Closer to God

Have you ever wondered why some are closer to God than you, and why they hear His voice more clearly?

I have, and always the answer comes: You are as close to God as you have desired.

Calvinists may say that nothing is up to you, that God controls all, even your desires. Perhaps there is truth there. But, for myself, when I desire something, I begin moving toward it, no matter whether it’s a genuinely good thing or something that has little or no intrinsic worth.

I don’t know how that might work from God’s standpoint, or a Calvinist’s, but I know that it is up to me whether I cooperate with the urging and drawing of God.

I am as close to His heart as I have desired. And the distance remaining is due to my lack of desire, not His. The question is, Do I have the will and capacity to draw nearer to God? The Bible tells me I do.

“Draw nigh to God, and he will draw nigh to you.” James 4:8a

At times, I have to confess, I did not desire to be closer to Him than I was. And more than once, He has drawn me nearer to Himself without any proactive decision of my own that I could recall.

At other times, I have desired it and purposefully set aside time to come close to Him. And I did come nearer.

Again, I don’t know to what degree God controls my life, but I know He gave me a command. And I know He would only do that if He intended for me to obey it. That command was to love Him with all my heart, all my mind, all my soul and all my strength.

I don’t see any wiggle room in that command, no room to love the world or anything in the world, as I have disobediently done.

He has left it up to me to draw myself to Himself, but He has – by drawing near to me – let me know He is there, as though saying, Are you going to reciprocate?

There is no room in His command for me to love things such as home, car, fame, land, position, money or even my own will. The room that stands between me and Him is due to the fact that I have not desired the closeness that He commanded.

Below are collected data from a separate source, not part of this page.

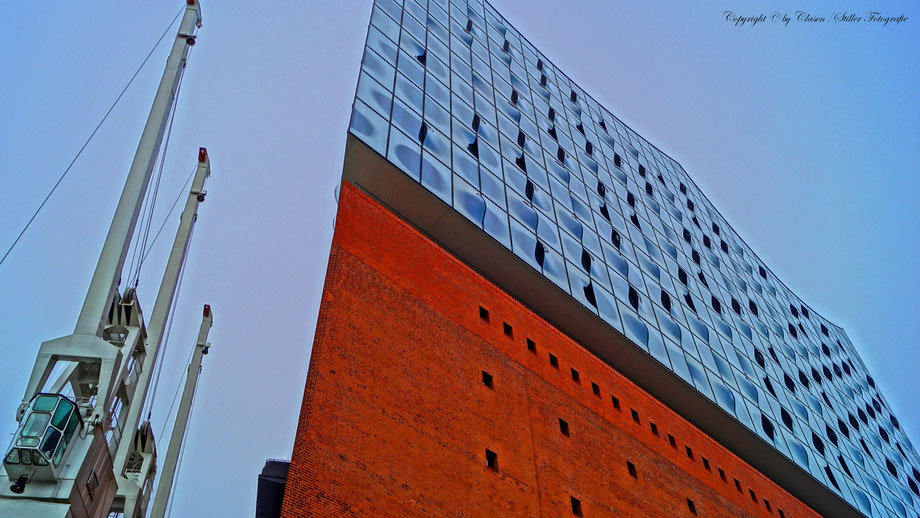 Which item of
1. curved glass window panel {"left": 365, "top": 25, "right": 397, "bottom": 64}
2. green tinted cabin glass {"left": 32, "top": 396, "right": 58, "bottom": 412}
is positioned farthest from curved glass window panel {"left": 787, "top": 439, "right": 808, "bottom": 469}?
green tinted cabin glass {"left": 32, "top": 396, "right": 58, "bottom": 412}

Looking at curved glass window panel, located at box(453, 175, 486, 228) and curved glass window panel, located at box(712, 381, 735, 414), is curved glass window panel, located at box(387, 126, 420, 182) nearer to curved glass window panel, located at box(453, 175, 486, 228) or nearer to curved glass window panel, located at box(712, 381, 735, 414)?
curved glass window panel, located at box(453, 175, 486, 228)

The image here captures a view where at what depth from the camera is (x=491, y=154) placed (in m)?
21.3

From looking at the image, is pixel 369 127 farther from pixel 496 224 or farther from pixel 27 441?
pixel 27 441

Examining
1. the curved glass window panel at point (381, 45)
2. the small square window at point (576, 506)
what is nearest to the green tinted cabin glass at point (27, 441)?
the small square window at point (576, 506)

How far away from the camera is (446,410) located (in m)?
13.6

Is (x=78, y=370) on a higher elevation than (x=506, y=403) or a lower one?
lower

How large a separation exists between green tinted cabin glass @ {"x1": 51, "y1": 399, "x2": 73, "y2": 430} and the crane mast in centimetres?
1

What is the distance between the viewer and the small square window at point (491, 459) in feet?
44.7

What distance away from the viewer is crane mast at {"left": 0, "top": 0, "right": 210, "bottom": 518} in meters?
9.33

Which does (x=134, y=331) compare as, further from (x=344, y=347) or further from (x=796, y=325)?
(x=796, y=325)

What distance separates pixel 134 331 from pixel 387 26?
11381 mm

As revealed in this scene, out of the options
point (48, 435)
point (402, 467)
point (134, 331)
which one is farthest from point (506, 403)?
point (48, 435)

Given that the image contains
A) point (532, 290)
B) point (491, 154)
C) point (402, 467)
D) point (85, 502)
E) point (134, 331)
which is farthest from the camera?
point (491, 154)

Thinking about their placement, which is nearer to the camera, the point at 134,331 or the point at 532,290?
the point at 134,331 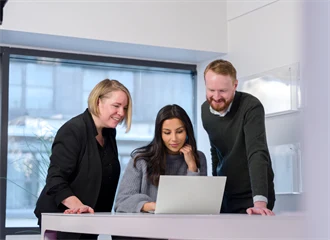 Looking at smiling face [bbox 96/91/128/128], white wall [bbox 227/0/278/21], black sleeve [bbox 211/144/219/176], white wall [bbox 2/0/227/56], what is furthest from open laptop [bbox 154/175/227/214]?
white wall [bbox 227/0/278/21]

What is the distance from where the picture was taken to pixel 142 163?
2.40 metres

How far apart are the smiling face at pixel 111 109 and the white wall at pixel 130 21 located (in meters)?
1.83

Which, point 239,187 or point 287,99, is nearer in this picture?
point 239,187

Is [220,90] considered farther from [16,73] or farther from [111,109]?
[16,73]

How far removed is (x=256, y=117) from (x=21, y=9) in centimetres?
226

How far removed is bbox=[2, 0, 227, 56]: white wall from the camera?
13.5 ft

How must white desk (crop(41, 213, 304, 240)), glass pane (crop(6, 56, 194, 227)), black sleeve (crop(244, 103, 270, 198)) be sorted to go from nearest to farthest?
white desk (crop(41, 213, 304, 240)) → black sleeve (crop(244, 103, 270, 198)) → glass pane (crop(6, 56, 194, 227))

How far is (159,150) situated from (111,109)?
264 millimetres

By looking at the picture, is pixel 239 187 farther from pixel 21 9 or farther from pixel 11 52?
pixel 11 52

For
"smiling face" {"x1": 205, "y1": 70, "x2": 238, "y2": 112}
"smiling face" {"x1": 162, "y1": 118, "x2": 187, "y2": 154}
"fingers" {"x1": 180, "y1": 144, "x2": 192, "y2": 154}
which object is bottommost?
"fingers" {"x1": 180, "y1": 144, "x2": 192, "y2": 154}

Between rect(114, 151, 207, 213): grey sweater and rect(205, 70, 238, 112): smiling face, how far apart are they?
238 millimetres

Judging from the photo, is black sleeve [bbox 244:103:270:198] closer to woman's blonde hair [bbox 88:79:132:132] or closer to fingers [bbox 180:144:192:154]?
fingers [bbox 180:144:192:154]

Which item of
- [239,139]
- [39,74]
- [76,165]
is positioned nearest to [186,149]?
[239,139]

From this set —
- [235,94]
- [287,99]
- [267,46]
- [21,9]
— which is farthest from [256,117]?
[21,9] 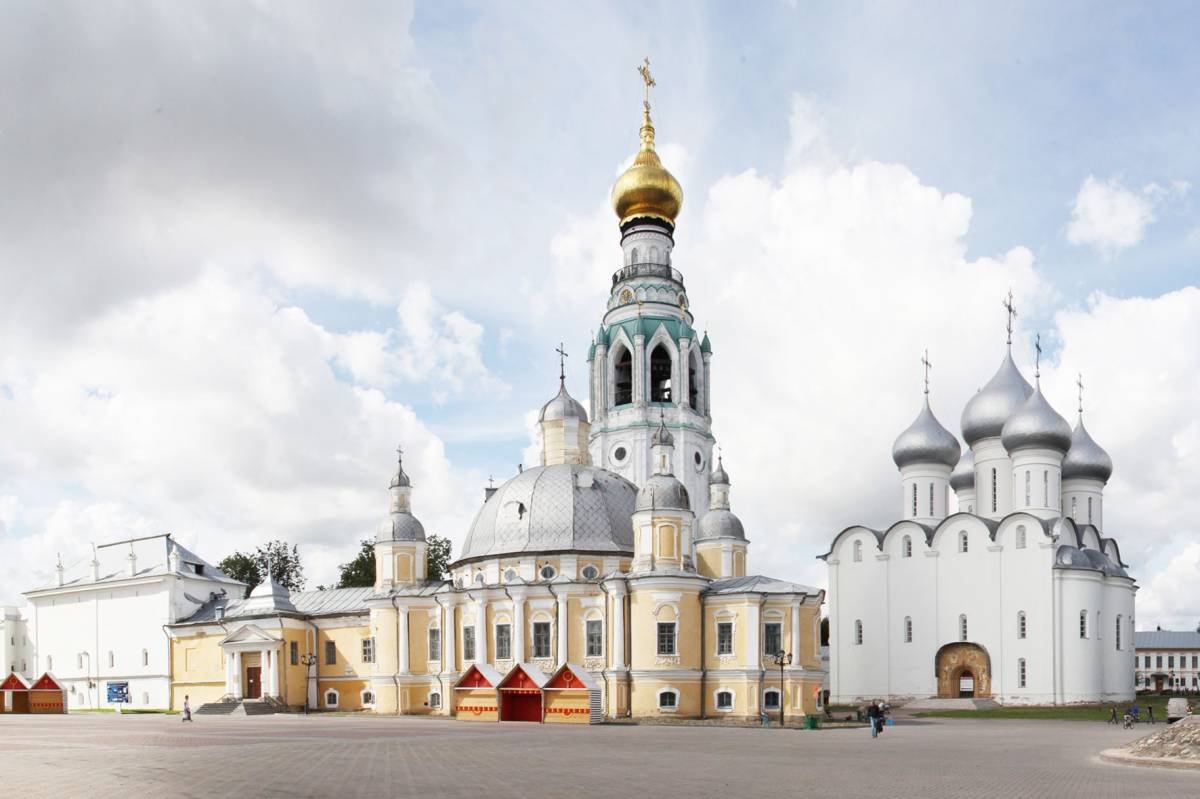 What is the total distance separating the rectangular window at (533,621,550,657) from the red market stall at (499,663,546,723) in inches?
249

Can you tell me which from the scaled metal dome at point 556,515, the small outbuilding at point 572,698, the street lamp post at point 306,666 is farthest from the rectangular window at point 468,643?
the small outbuilding at point 572,698

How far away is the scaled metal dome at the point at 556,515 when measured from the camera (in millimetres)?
48000

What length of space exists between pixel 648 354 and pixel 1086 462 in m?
22.9

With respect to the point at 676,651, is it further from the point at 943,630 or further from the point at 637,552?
the point at 943,630

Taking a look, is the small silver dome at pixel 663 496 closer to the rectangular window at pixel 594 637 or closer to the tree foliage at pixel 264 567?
the rectangular window at pixel 594 637

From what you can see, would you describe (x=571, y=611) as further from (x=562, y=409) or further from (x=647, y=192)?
(x=647, y=192)

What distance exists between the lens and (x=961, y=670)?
50.8m

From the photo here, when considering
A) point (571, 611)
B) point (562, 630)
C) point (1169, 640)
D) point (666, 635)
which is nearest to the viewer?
point (666, 635)

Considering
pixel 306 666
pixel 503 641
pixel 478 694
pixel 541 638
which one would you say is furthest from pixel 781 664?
pixel 306 666

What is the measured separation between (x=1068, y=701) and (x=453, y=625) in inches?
1020

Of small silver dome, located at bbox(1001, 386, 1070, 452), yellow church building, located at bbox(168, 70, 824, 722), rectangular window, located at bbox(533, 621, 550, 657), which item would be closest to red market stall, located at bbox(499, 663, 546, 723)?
yellow church building, located at bbox(168, 70, 824, 722)

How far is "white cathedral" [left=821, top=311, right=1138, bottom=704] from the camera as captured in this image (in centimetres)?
4916

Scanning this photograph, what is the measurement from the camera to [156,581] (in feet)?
193

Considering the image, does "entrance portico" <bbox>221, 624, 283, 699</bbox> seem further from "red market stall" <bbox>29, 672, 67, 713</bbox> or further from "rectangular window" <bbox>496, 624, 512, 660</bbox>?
"rectangular window" <bbox>496, 624, 512, 660</bbox> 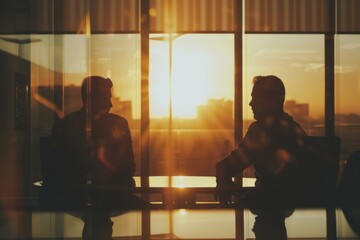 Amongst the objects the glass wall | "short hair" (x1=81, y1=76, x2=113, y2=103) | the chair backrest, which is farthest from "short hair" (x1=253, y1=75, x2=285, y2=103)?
the glass wall

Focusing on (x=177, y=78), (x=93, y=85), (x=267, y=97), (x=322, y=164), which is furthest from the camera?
(x=177, y=78)

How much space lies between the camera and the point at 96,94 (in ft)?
9.17

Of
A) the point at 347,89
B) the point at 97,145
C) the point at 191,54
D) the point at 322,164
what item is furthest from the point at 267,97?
the point at 191,54

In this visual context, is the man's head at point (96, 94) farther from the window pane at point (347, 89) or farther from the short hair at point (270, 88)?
the window pane at point (347, 89)

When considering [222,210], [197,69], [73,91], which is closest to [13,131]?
[73,91]

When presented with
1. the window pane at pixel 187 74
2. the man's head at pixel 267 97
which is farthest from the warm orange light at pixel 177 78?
the man's head at pixel 267 97

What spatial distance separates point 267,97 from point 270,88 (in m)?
0.04

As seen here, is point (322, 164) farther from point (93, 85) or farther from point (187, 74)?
point (187, 74)

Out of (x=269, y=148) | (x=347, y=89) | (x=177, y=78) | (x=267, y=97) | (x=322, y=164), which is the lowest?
(x=322, y=164)

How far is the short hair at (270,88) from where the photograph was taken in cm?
230

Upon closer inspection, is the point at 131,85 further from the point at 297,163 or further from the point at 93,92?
the point at 297,163

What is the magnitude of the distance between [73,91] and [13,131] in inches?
58.2

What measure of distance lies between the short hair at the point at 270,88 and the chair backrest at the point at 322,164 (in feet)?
0.79

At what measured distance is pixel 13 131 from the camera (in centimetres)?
681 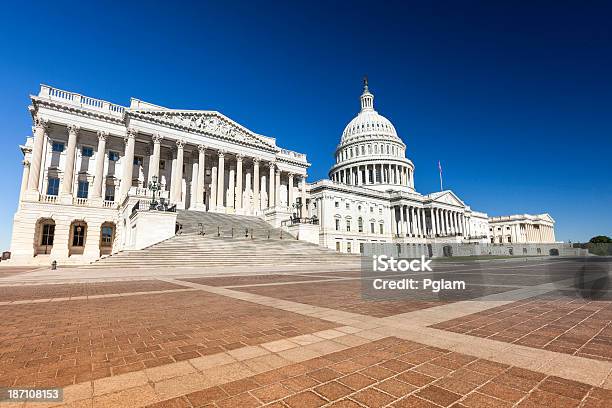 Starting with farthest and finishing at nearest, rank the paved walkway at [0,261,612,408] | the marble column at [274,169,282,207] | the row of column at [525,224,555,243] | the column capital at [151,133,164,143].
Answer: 1. the row of column at [525,224,555,243]
2. the marble column at [274,169,282,207]
3. the column capital at [151,133,164,143]
4. the paved walkway at [0,261,612,408]

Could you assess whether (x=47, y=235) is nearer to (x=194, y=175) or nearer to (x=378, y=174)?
(x=194, y=175)

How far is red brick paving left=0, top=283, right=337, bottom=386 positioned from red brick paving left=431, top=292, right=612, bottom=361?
3177 millimetres

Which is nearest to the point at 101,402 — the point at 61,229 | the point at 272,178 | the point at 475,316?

When I pursue things in the world, I am revealing my desire to ignore His commandment. Can I close the gap between my love for God and His love for me? It’s such a huge gap, I don’t know how possible that is, but His command tells me to give it my all. All.

I do have control over my will. I can cast down thoughts and imaginations and bring every thought into alignment with God’s will, knowing that my words and actions have their genesis in my thoughts. And I can do it more effectively when I ask Him for the grace to do so.

I think those who are closer to God than I am have done that. And I can do more than just admire their desire.